### What you are asked to do
Return only those lines of the records below in which "دکتر" appears.

──────── Record set

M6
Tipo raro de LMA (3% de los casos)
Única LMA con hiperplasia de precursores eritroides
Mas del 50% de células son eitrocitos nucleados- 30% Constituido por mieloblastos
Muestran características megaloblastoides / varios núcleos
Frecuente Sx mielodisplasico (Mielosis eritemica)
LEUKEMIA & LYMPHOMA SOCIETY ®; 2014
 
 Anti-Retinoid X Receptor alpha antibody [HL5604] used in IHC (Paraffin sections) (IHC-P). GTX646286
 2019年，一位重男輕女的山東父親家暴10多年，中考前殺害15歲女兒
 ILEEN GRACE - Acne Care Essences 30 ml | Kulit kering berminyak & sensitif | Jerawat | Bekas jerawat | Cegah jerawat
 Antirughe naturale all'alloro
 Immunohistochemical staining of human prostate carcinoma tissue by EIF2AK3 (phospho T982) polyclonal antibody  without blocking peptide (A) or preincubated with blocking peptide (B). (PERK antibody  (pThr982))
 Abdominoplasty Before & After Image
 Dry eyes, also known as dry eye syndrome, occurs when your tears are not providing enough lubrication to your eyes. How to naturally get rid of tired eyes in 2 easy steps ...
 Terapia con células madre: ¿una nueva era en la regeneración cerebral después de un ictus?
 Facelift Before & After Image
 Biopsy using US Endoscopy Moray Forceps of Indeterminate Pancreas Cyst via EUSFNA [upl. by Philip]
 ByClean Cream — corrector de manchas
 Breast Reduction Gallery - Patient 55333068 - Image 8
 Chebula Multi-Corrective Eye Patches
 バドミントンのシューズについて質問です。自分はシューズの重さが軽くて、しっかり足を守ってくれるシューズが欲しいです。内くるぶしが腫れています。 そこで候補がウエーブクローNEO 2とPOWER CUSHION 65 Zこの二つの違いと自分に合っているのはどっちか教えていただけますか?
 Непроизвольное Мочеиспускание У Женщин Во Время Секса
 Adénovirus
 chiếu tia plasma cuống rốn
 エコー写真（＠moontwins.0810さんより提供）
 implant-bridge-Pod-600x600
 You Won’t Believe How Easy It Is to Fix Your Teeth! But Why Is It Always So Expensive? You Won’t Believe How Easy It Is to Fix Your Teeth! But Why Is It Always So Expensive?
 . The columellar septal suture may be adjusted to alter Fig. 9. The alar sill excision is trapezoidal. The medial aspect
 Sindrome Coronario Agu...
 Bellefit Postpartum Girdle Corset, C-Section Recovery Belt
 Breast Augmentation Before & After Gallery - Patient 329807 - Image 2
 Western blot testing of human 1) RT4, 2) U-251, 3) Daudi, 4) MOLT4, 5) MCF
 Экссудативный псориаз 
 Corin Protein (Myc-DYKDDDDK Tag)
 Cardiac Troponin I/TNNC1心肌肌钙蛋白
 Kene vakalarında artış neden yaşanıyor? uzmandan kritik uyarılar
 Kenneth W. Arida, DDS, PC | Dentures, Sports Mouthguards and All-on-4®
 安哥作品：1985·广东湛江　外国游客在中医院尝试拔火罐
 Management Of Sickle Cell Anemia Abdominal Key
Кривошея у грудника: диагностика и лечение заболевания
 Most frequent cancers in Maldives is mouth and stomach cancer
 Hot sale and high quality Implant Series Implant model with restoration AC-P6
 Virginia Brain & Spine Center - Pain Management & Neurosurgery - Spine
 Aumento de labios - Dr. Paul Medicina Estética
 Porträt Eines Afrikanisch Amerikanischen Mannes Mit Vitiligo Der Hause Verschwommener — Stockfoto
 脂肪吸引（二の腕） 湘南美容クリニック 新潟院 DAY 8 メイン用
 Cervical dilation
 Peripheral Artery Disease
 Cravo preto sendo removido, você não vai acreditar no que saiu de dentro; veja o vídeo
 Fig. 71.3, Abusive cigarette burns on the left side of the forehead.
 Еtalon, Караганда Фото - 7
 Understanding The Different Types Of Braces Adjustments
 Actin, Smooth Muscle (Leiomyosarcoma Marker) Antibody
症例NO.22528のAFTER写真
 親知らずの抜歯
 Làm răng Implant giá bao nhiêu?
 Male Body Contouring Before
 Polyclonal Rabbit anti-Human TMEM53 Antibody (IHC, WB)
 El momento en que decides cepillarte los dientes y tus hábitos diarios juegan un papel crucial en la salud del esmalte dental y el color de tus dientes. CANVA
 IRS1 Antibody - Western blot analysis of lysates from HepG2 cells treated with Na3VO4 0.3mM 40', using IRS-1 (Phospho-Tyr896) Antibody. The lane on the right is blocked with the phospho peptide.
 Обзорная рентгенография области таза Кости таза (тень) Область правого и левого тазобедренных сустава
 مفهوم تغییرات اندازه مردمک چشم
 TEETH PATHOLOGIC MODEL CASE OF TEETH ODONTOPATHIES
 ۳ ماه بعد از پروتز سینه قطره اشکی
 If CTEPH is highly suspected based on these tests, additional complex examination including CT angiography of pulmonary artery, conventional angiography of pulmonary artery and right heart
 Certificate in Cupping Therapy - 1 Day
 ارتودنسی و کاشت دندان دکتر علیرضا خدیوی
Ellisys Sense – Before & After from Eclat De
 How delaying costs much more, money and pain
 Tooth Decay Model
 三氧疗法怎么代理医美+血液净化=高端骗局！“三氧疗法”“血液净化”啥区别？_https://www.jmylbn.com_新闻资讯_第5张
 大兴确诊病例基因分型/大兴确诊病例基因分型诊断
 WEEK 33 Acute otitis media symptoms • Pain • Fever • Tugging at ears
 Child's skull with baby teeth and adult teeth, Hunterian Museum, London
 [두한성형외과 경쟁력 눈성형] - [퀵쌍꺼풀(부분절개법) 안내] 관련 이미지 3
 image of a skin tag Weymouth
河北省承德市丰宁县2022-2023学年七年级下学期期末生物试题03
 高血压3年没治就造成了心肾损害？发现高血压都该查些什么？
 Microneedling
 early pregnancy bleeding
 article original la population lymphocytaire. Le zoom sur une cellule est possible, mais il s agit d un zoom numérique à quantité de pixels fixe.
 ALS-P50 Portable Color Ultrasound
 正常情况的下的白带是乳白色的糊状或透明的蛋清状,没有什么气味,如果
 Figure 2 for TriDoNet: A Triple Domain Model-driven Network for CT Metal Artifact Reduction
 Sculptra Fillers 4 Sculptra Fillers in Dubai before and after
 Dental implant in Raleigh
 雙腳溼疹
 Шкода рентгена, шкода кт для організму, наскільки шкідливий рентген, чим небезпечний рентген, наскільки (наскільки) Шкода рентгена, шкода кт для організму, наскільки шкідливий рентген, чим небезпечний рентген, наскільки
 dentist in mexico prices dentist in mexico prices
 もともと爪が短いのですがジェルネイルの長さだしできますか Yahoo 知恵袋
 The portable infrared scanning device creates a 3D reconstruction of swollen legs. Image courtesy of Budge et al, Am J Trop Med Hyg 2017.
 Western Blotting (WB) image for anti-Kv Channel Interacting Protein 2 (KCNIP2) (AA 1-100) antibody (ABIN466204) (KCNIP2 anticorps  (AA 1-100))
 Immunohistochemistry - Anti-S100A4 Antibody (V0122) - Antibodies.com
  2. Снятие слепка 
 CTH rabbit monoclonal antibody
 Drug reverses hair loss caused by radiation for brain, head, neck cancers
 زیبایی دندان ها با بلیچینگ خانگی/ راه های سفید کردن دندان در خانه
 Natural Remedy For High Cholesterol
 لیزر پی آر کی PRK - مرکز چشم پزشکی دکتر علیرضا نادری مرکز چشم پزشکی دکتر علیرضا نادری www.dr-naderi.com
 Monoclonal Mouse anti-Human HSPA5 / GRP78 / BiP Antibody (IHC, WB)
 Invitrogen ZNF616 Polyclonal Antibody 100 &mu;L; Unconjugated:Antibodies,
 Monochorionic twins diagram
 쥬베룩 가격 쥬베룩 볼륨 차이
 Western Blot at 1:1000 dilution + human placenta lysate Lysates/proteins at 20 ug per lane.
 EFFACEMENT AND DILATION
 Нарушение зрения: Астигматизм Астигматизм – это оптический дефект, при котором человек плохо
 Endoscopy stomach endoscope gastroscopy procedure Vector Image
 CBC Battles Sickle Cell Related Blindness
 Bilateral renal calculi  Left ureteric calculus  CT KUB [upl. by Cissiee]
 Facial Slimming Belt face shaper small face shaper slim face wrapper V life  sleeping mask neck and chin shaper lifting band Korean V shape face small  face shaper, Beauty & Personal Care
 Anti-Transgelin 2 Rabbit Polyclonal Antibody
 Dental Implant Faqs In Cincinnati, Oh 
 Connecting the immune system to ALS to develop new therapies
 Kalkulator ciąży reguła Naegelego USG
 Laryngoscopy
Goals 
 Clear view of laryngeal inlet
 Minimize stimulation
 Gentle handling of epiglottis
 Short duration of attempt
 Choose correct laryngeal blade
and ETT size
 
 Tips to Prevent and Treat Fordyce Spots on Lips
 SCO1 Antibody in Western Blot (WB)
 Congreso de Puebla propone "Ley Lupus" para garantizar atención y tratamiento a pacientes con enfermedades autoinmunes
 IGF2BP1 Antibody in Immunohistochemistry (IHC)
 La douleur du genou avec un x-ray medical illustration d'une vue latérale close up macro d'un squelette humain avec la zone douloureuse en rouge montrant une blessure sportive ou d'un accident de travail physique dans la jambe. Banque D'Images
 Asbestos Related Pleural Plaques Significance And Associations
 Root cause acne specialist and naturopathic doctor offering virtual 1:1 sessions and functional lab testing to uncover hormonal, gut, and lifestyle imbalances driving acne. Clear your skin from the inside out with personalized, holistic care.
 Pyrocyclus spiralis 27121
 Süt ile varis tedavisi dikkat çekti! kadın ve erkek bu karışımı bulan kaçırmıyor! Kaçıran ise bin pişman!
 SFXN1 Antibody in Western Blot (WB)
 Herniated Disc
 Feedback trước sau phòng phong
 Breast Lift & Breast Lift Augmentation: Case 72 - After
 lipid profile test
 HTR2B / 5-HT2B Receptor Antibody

────────────────

### Expected answer
 ارتودنسی و کاشت دندان دکتر علیرضا خدیوی
 لیزر پی آر کی PRK - مرکز چشم پزشکی دکتر علیرضا نادری مرکز چشم پزشکی دکتر علیرضا نادری www.dr-naderi.com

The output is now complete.